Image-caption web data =
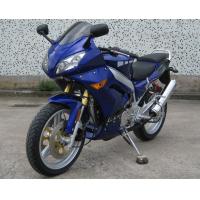 China Blue Double Cylinder Four Stroke 250cc Chopper Motorcycle With Forced Air Cooling on sale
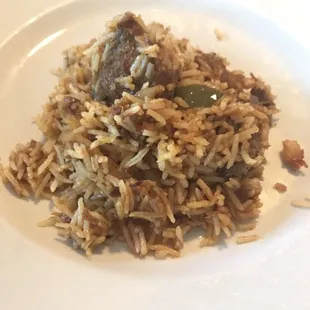 Freshly made lamb biryani.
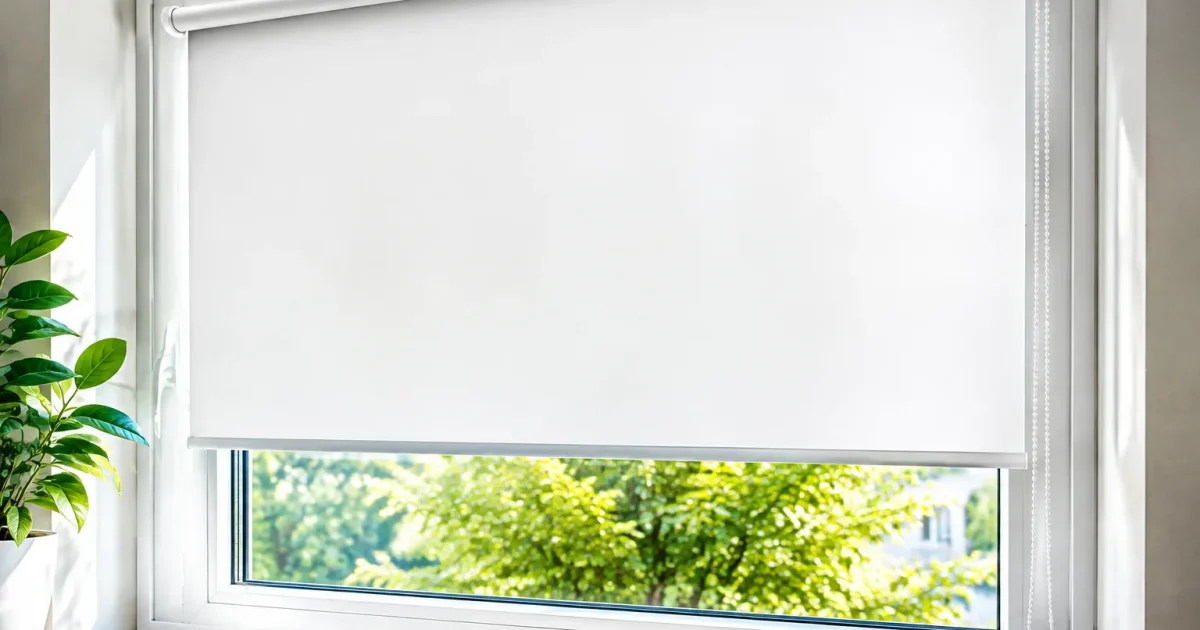 Store cellulaire blanche fermee sur fenetre lumineuse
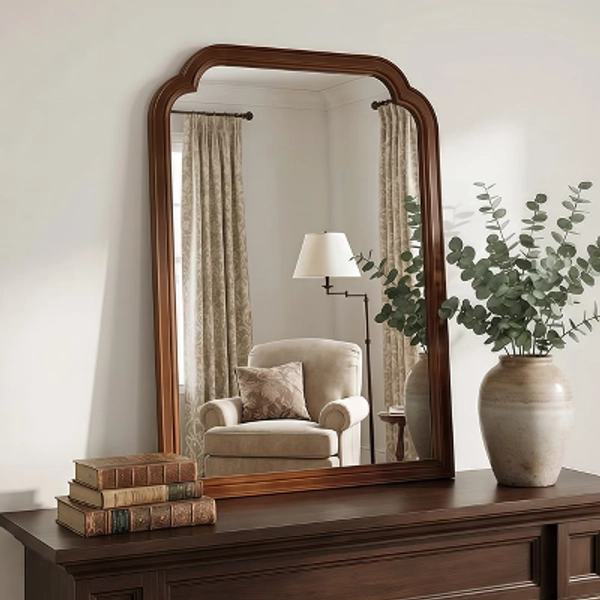 GDFStudio Orvina French Country Rounded Corner Decorative Mirror, Walnut Wood, 24"x36"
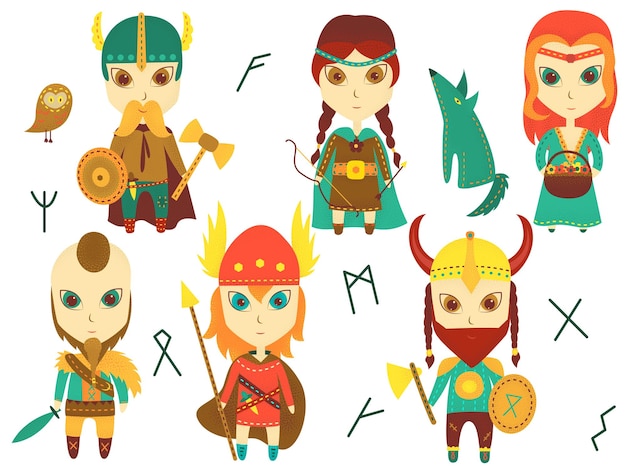 Vector set of 6 cartoon vikings on white background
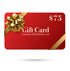 Red gift card with golden bow of $75 floating over a white background.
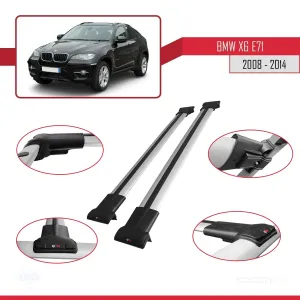 BMW X6 2008-2014 Arası ile uyumlu FLY Model Ara Atkı Tavan Barı GRİ thumb 5
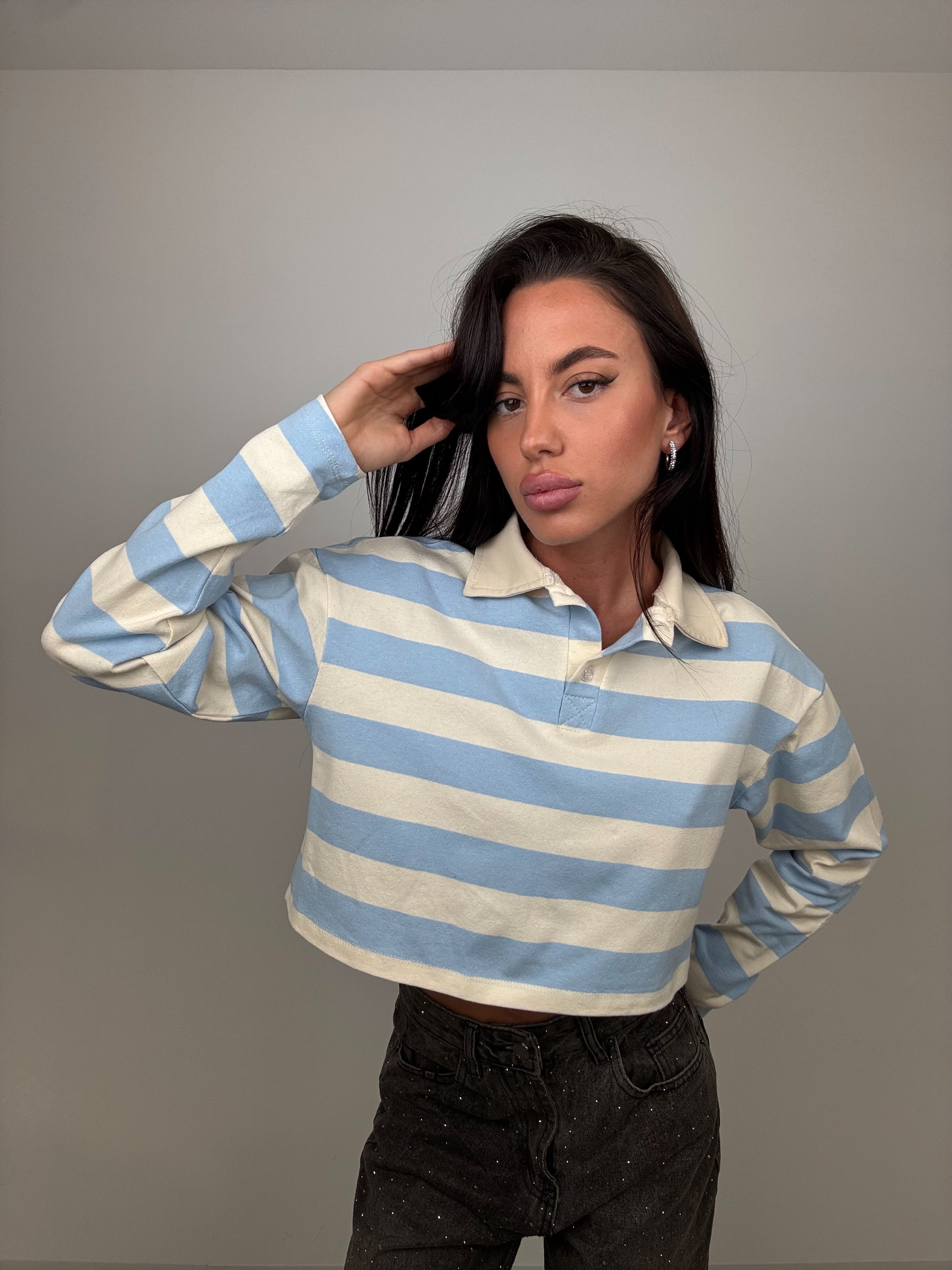 T-shirt strisce azzurro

Exercise objective =
Now transcribe the lines above exactly, starting at the line containing "Store cellulaire blanche" and ending at the line containing "Vector set of", both lines included, pictures excluded.

Response to this task =
 Store cellulaire blanche fermee sur fenetre lumineuse
 GDFStudio Orvina French Country Rounded Corner Decorative Mirror, Walnut Wood, 24"x36"
 Vector set of 6 cartoon vikings on white background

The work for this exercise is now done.